United States District Court, Eastern District of California
Sep 20, 2021
2:21-cv-00566-JAM-CKD (E.D. Cal. Sep. 20, 2021)

Opinion

2:21-cv-00566-JAM-CKD

09-20-2021

STEPHEN ROGERS, an individual; HELEN SCULLY, an individual; and NNEKA ANYANWU, an individual, Plaintiffs, v. DIGNITY HEALTH, a California corporation, doing business as METHODIST HOSPITAL OF SACRAMENTO; and DOES 1 through 10, inclusive, Defendants.


ORDER GRANTING MOTION TO REMAND AND DENYING PLAINTIFFS' REQUEST FOR ATTORNEY FEES

JOHN A. MENDEZ, UNITED STATES DISTRICT JUDGE

Stephen Rogers, Helen Scully, and Nneka Anyanwu (“Plaintiffs”) move to remand this labor and employment action back to the Sacramento County Superior Court. See Mot. to Remand (“Mot.”), ECF No. 11. Dignity Health (“Defendant”) opposes the motion. See Opp'n, ECF No. 14. For the reasons set forth below, the Court GRANTS Plaintiffs' Motion to Remand.

This motion was determined to be suitable for decision without oral argument. E.D. Cal. L.R. 230(g). The hearing was scheduled for August 10, 2021.

I. BACKGROUND

Defendant is a provider of health care services in the Sacramento area. First Amended Compl. (“FAC”) ¶ 8, ECF No. 10. Defendant employed Plaintiffs as nurses in the Interventional Radiology Department of the Methodist Hospital of Sacramento. Id. ¶¶ 9, 13. During this period, Plaintiffs were also members of the California Nurses Association (the “Union”) and thus covered by the Collective Bargaining Agreement (“CBA”) entered into between the Union and Defendant. Mot. at 1; Opp'n at 5.

During their employment, Plaintiffs claim “they were discriminated and retaliated against for making complaints about workplace and patient safety.” Mot. at 2. Plaintiffs further allege: “Defendant created a hostile work environment, reprimanded Plaintiffs without cause and for behavior that they had previously engaged in without issue, reported them to the California Board of Registered Nursing, and thereafter unlawfully terminated and/or constructively terminated all three (3) Plaintiffs' employment as a result of their complaints.” Id.

In response, Plaintiffs filed this action in Sacramento County Superior Court on February 17, 2021. Not. of Removal at 2, ECF No. 1. On March 26, 2021, Defendant filed a Notice of Removal, invoking this Court's federal question jurisdiction. Id. at 3 (citing to 28 U.S.C. § 1331). Specifically, Defendants removed on the grounds that Plaintiffs' claims are preempted by Section 301 of the Labor Management Relations Act (“LMRA”), 29 U.S.C. § 185. Id. at 3-8.

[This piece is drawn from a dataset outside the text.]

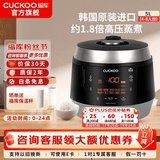 福库（CUCKOO）【经典款】电饭煲韩国原装进口3L/5L家用真高压麦饭石型内胆三维立体加热多功能电饭锅PK0690FR CRP-Q1050FS黑色（2-10人） 5L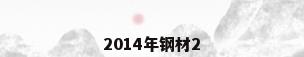2014年钢材2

On May 28, 2021, Plaintiffs filed an amended complaint pursuant to the parties' stipulation. See FAC; see also Stip., ECF No. 7. In the FAC, Plaintiffs assert eight claims against Defendant for: (1) unlawful discrimination in violation of the California Fair Employment and Housing Act (“FEHA”), Cal. Gov't Code §§ 12940, et seq.; (2) failure to prevent discrimination in violation of the FEHA, Cal. Gov't Code § 12940(k); (3) retaliation in violation of Cal. Lab. Code § 1102.5; (4) retaliation and discrimination in violation of Cal. Health & Safety Code § 1278.5; (5) retaliation in violation of Cal. Lab. Code § 6310; (6) wrongful termination in violation of Cal. Lab. Code § 6311; (7) wrongful termination in violation of public policy; and (8) violation of Cal. Bus. And Prof. Code §§ 17200, et seq. FAC ¶¶ 81-151.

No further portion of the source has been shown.